The problem: The listing below has to be output exactly as given, less its pictures.

Provided material:
▼

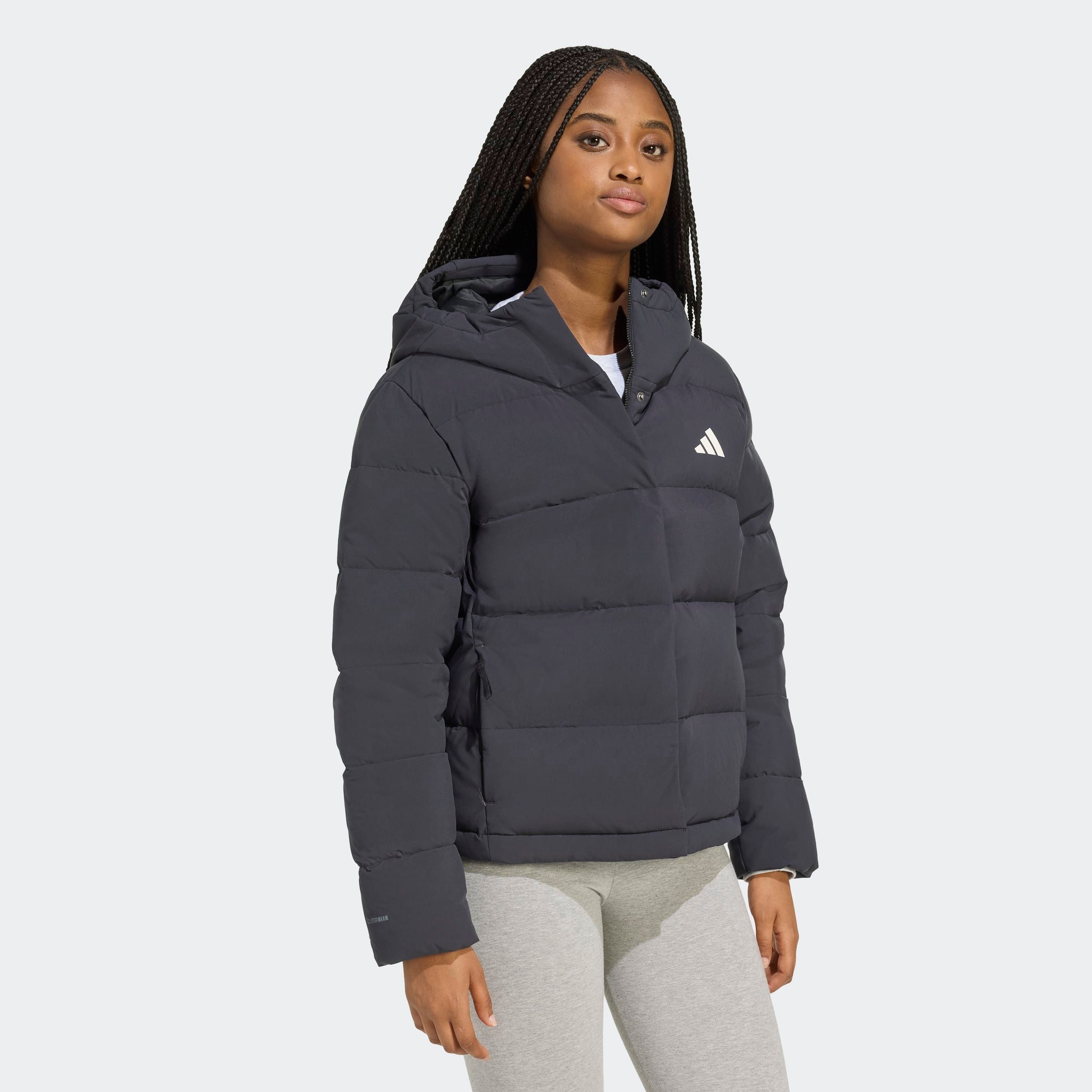 adidas Sportswear Daunenjacke »W HELIONIC HD J« Winterjacke Damen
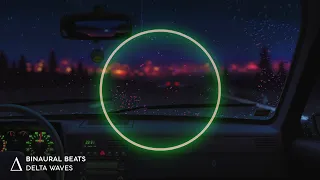 SLEEPY SPECIAL: Rainy Days (Day 03: Neon Rain) - Binaural Beats Sleep Music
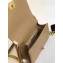 Chanel Caviar Leather Chevron Boy Flap Medium Bag Tan/Gold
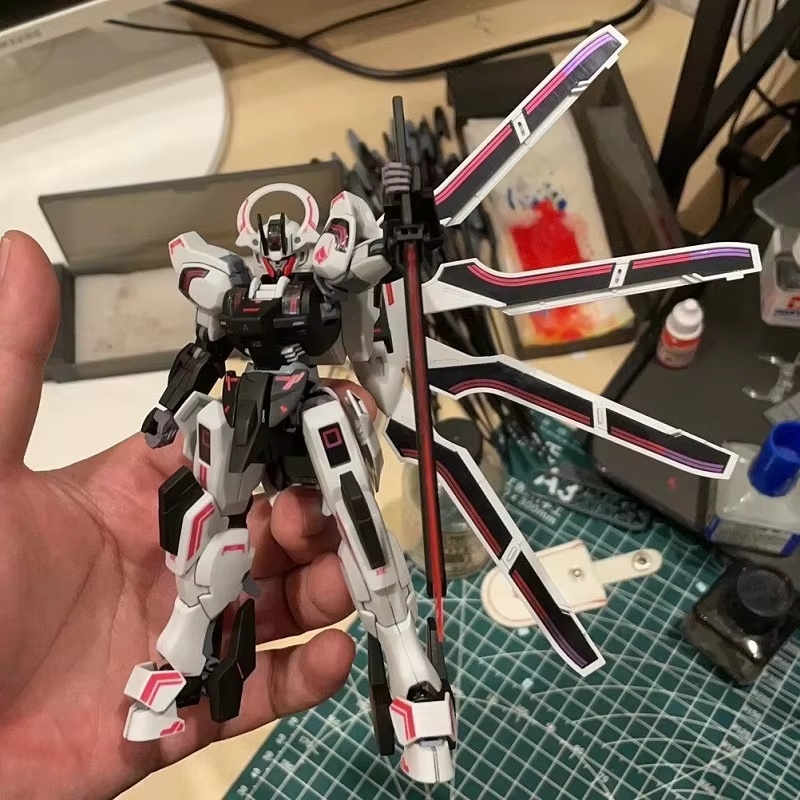 HG 1/144 Schwarzette The Witch - Gundam Model Mg avis et prix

▲

Exercise result:
 adidas Sportswear Daunenjacke »W HELIONIC HD J« Winterjacke Damen
 SLEEPY SPECIAL: Rainy Days (Day 03: Neon Rain) - Binaural Beats Sleep Music
 Chanel Caviar Leather Chevron Boy Flap Medium Bag Tan/Gold
 HG 1/144 Schwarzette The Witch - Gundam Model Mg avis et prix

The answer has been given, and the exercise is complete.